• **Try it**: Exactly the lines from the one with "Set mobilier baie" through the end of the records below are needed, minus any pictures.

• **Materials provided**:
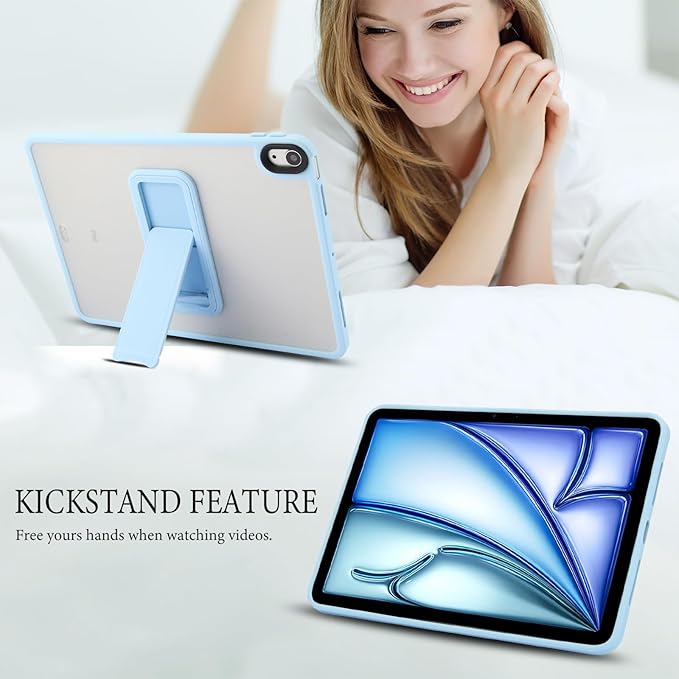Shockproof Case for iPad Air 11-inch M4/M3/M2 (2026/2025/2024) for Women Men, Kickstand Slim Fit Rugged Bumper Lightweight Anti-Scratch Bumper Case Cover for iPad Air 11", Blue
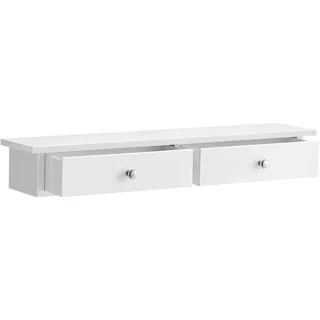 Boxxx Wandregal , Weiß , Metall , 2 Schubladen , 65x10x15 cm , hängend , Wohnzimmer, Regale, Wandregale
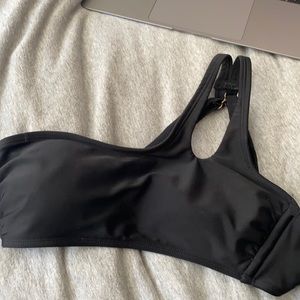 Black one strap bikini top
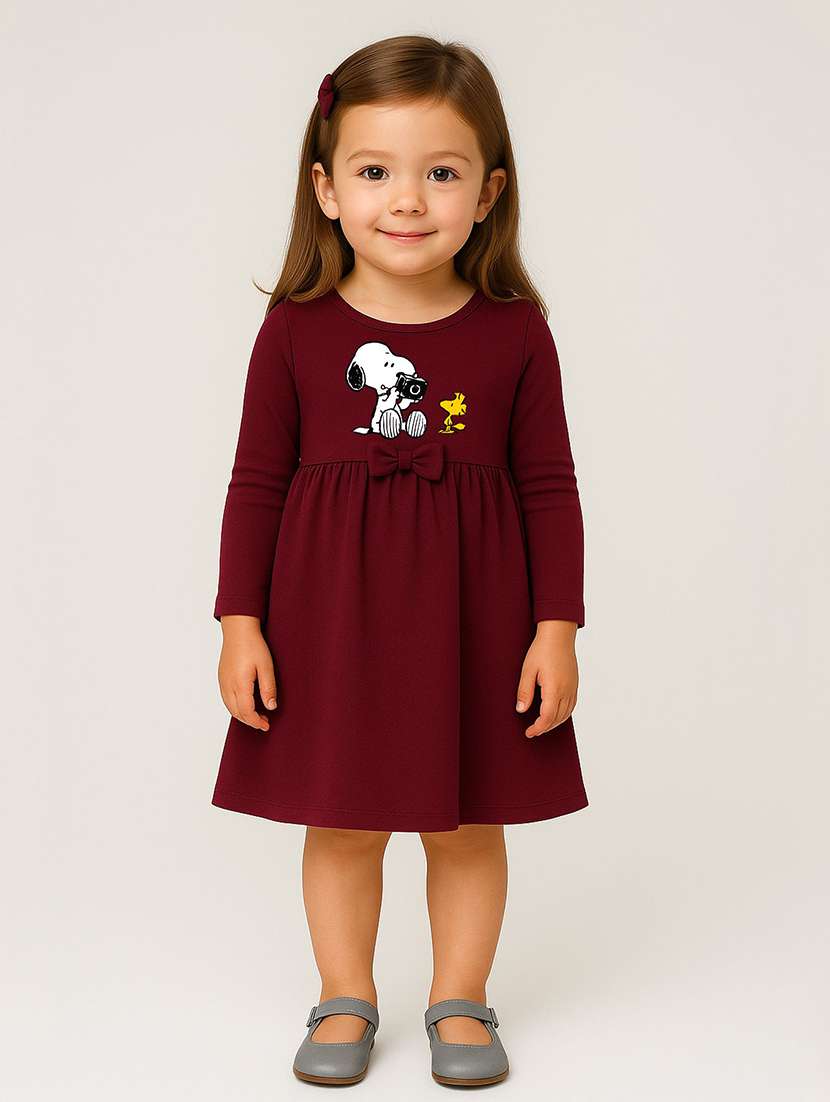 girls printed long sleeve a-line dress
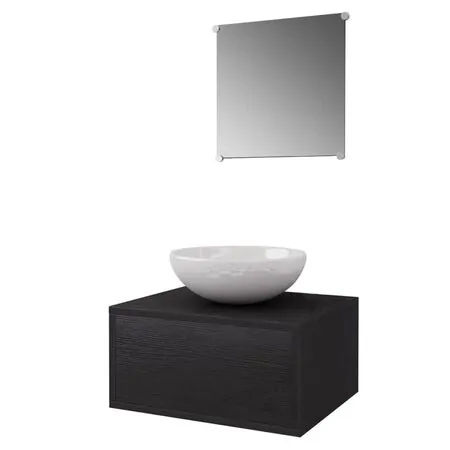  Set mobilier baie 4 piese cu chiuvetă și robinet incluse, Negru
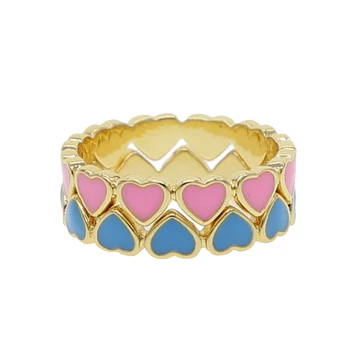 Мода Кралицата на златист цвят на емайла, розово синьо сърце изрежете сърцето на годежен пръстен, подарък за младо момиче, размер 6 7 8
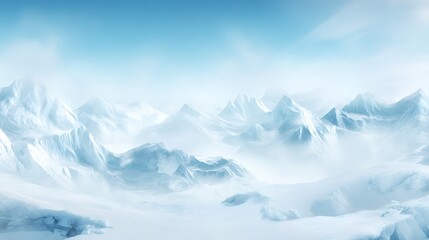Icy peaks shrouded in misty ambiance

• **Solution below**:
  Set mobilier baie 4 piese cu chiuvetă și robinet incluse, Negru
 Мода Кралицата на златист цвят на емайла, розово синьо сърце изрежете сърцето на годежен пръстен, подарък за младо момиче, размер 6 7 8
Icy peaks shrouded in misty ambiance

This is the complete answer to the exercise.